EXERCISE PROMPT
Quote exactly and only this range of lines in the data below: the line that holds "this 1352×896 image." to the line that holds "this 250×188 image.", both included.

Stored items from a collection:

━━━━━━

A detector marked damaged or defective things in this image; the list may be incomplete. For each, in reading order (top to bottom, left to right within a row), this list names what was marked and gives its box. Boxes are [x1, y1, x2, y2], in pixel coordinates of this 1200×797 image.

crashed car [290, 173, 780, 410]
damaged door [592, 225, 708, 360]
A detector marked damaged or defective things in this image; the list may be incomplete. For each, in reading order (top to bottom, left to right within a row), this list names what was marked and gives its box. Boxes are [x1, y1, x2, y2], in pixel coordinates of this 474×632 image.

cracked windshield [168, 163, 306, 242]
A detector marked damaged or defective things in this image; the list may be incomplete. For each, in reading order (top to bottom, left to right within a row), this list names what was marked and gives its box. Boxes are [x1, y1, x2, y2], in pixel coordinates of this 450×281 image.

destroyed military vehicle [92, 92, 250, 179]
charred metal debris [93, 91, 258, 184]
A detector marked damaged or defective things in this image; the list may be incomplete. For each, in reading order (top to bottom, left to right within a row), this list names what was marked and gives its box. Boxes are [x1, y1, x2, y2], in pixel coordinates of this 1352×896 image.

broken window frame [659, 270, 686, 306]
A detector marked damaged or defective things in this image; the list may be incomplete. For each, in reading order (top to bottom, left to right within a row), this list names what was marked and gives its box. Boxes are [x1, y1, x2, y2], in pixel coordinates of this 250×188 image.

━━━━━━

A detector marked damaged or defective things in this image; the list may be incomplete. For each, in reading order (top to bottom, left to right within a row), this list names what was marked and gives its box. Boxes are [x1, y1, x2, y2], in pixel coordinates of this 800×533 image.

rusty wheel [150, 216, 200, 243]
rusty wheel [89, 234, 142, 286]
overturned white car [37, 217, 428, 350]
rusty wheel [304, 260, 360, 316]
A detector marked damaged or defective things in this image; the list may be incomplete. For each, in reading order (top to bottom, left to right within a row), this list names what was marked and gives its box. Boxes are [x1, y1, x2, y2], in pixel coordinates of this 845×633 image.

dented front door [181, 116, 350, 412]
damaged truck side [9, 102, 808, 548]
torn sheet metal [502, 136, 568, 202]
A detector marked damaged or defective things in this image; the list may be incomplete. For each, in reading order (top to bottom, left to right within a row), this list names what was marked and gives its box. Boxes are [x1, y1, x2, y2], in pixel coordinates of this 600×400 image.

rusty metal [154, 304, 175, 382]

━━━━━━

TASK ANSWER
A detector marked damaged or defective things in this image; the list may be incomplete. For each, in reading order (top to bottom, left to right within a row), this list names what was marked and gives its box. Boxes are [x1, y1, x2, y2], in pixel coordinates of this 1352×896 image.

broken window frame [659, 270, 686, 306]
A detector marked damaged or defective things in this image; the list may be incomplete. For each, in reading order (top to bottom, left to right within a row), this list names what was marked and gives its box. Boxes are [x1, y1, x2, y2], in pixel coordinates of this 250×188 image.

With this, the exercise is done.